◆ DIRECTIONS ◆
Starting at the line with "Brymer) - Pentatonix", set down each line of the entries below through the last one, exactly as it stands.

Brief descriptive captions
◆ ◆ ◆
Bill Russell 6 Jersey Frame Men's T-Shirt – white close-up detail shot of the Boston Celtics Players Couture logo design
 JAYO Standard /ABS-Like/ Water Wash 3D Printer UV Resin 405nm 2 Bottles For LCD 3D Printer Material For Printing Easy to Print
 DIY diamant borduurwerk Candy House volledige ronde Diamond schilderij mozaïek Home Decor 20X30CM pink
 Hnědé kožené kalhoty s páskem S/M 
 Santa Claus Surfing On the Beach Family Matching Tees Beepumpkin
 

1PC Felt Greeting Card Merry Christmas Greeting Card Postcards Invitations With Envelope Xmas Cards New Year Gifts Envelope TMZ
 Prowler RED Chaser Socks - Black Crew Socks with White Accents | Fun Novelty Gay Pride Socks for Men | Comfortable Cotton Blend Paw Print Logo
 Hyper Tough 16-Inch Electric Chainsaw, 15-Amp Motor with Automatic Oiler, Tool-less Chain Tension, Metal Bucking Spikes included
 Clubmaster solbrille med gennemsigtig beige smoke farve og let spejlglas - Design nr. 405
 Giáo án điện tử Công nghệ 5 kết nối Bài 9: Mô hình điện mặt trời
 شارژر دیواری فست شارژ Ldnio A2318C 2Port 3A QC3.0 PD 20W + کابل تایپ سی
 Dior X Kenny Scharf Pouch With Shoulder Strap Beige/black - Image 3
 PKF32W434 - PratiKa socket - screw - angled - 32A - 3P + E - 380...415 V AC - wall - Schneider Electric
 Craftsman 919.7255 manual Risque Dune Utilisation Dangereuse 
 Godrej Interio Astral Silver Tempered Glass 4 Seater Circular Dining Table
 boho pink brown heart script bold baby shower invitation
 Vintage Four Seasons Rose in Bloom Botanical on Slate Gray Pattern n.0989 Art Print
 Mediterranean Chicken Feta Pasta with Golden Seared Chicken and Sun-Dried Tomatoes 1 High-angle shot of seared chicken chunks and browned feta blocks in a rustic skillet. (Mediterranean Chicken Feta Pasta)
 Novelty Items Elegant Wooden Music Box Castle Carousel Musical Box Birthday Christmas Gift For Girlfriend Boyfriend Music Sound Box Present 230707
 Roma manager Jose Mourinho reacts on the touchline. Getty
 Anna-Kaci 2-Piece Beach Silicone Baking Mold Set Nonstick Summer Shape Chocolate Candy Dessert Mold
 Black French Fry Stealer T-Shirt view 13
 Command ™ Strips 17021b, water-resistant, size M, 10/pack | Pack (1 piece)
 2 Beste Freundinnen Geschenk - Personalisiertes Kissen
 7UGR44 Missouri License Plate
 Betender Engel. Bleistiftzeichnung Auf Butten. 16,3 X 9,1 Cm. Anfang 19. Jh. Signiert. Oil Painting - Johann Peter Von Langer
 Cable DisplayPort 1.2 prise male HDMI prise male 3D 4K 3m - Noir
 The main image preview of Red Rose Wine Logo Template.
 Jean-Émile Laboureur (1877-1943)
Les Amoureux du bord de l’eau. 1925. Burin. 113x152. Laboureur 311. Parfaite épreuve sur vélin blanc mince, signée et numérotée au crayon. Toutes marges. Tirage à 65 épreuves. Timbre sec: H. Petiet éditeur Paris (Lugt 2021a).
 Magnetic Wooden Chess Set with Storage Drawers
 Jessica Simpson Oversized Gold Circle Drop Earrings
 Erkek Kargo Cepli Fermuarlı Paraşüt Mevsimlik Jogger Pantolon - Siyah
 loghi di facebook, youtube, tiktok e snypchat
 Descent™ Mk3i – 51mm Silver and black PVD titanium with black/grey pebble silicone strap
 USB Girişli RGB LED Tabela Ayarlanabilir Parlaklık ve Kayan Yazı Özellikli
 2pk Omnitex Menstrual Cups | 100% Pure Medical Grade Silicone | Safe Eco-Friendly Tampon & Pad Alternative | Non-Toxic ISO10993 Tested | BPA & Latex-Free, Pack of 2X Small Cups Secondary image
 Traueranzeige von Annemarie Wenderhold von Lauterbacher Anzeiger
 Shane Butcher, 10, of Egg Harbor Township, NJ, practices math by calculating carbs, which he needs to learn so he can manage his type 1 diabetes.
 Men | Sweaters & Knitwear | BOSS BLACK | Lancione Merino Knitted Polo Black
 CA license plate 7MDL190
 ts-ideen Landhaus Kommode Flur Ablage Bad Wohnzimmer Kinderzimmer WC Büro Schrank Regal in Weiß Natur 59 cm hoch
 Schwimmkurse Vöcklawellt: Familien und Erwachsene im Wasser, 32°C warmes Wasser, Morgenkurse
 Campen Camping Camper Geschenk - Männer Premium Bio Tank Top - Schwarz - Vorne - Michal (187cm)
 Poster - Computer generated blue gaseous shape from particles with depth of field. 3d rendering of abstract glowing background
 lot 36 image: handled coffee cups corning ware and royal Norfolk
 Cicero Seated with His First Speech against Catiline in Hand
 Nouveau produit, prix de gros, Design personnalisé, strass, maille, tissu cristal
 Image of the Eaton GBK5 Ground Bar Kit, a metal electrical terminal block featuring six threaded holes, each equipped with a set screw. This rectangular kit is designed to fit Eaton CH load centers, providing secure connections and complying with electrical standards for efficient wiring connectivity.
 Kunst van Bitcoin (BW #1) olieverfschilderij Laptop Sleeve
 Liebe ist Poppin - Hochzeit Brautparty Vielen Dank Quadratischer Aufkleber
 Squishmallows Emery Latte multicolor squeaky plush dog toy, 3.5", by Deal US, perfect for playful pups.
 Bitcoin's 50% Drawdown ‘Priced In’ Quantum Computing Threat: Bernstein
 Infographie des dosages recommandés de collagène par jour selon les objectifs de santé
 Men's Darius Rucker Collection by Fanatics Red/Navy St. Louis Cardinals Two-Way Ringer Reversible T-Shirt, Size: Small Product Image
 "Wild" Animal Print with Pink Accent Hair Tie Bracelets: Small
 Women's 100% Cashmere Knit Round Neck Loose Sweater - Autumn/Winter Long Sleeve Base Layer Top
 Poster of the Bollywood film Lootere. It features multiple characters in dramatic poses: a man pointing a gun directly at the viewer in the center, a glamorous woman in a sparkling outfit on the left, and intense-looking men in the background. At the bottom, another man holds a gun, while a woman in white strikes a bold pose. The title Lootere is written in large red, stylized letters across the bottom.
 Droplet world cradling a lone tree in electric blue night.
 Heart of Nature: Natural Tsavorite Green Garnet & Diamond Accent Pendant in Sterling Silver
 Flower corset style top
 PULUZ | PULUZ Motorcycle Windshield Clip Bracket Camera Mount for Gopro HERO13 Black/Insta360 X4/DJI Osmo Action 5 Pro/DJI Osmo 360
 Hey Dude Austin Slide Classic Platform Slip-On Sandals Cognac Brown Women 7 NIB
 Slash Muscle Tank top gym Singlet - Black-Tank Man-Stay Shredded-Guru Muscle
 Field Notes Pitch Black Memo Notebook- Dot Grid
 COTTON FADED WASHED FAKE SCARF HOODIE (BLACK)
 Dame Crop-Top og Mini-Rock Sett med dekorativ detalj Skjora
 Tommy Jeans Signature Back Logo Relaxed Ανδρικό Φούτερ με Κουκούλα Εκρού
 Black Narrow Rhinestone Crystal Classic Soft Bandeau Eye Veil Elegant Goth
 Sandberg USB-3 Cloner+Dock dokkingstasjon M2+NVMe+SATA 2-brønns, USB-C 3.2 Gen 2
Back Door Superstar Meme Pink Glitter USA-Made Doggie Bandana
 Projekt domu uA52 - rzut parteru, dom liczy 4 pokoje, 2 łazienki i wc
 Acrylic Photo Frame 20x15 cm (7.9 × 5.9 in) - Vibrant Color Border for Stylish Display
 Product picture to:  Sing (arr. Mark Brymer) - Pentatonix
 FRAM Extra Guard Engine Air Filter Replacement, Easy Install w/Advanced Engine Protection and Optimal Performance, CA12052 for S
◆ ◆ ◆
◆ WRITTEN RESPONSE ◆
 Product picture to:  Sing (arr. Mark Brymer) - Pentatonix
 FRAM Extra Guard Engine Air Filter Replacement, Easy Install w/Advanced Engine Protection and Optimal Performance, CA12052 for S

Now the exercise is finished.